The four “scenes” run directly from one to another. The Fountain of the Valle Giulia at dawn, or Julia Valley, is pastoral. The breezes cause the leaves in the trees to rustle as a herd of cattle passes slowly by. A sudden summons on the horns immediately conjures up The Fountain of Triton in the morning. The triton, in Bernini’s great seventeenth-century statue, is seated on an open scallop shell, his head far back as he drinks from a conch shell. The sheer virility of the figure is celebrated in the horn calls, while the fantasy that envelops it figures in the lively main theme in the woodwinds. The Trevi fountain in the afternoon evokes the most famous of all the Roman fountains, the one into which visitors throw coins with the wish to return to Rome. Respighi’s music takes us to a site which, even when Nathaniel Hawthorne visited well over a century ago, was one of the liveliest daytime scenes in Rome:
…for the piazza is then filled with stalls of vegetable and fruit dealers, chestnut-roasters, cigar-venders, and other people whose patter and wandering traffic is transacted in the open air. It is likewise thronged with idlers, lounging over the iron railing, and with forestieri [foreigners], who come hither to see the famous fountain.

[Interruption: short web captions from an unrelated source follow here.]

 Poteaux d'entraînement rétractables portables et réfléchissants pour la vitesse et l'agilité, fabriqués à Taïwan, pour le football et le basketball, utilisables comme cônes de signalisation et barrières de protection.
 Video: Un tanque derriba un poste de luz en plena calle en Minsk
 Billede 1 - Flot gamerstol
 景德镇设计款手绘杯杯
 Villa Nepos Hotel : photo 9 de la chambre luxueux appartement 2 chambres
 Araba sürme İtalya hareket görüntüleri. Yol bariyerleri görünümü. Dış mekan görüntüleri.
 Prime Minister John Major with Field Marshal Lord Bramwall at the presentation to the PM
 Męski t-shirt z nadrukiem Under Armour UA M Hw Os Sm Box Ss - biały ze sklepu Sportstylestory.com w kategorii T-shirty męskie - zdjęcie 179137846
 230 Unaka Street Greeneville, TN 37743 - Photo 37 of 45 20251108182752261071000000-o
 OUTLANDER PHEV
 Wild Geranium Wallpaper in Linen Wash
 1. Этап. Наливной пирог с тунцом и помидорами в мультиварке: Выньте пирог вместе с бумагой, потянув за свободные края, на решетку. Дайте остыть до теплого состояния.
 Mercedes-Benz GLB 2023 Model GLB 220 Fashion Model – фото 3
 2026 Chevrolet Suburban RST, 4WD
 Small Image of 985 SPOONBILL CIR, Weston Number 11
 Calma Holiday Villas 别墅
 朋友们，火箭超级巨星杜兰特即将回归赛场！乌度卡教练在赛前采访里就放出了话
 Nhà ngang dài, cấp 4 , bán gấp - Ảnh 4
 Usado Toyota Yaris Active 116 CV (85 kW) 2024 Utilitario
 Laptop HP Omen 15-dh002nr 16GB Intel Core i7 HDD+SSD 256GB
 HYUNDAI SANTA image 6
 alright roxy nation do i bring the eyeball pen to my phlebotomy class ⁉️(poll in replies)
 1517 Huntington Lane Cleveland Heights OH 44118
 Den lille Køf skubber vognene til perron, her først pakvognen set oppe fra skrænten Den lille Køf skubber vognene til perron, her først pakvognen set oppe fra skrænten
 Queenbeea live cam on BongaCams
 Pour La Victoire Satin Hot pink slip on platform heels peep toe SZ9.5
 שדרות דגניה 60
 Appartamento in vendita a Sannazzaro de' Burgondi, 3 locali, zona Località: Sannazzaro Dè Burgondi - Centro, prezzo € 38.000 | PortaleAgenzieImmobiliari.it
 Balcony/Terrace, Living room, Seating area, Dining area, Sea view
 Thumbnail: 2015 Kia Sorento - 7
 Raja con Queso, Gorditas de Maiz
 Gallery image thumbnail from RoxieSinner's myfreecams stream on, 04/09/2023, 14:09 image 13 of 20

The music grows quieter as evening falls, and we end the day strolling to the Fountain of the Villa Medici at sunset. The fountain in front of the Villa Medici is a modest broad basin, spurting a single jet of water upwards, but it rests high above the city (not far from the Spanish Steps and the Piazza del Popolo with a spectacular view to the west). At sunset the water in the fountain will mirror Michelangelo’s great cupola on St. Peter’s in the Vatican, across the Tiber. Oboe and English horn recall the pastoral mood of the opening, a tranquility that seems unlikely in one of the world’s great capitals, yet one attainable here, where the sunset view has changed surprisingly little in four centuries. Birdsong dies away, and the stillness of the dark closes the day.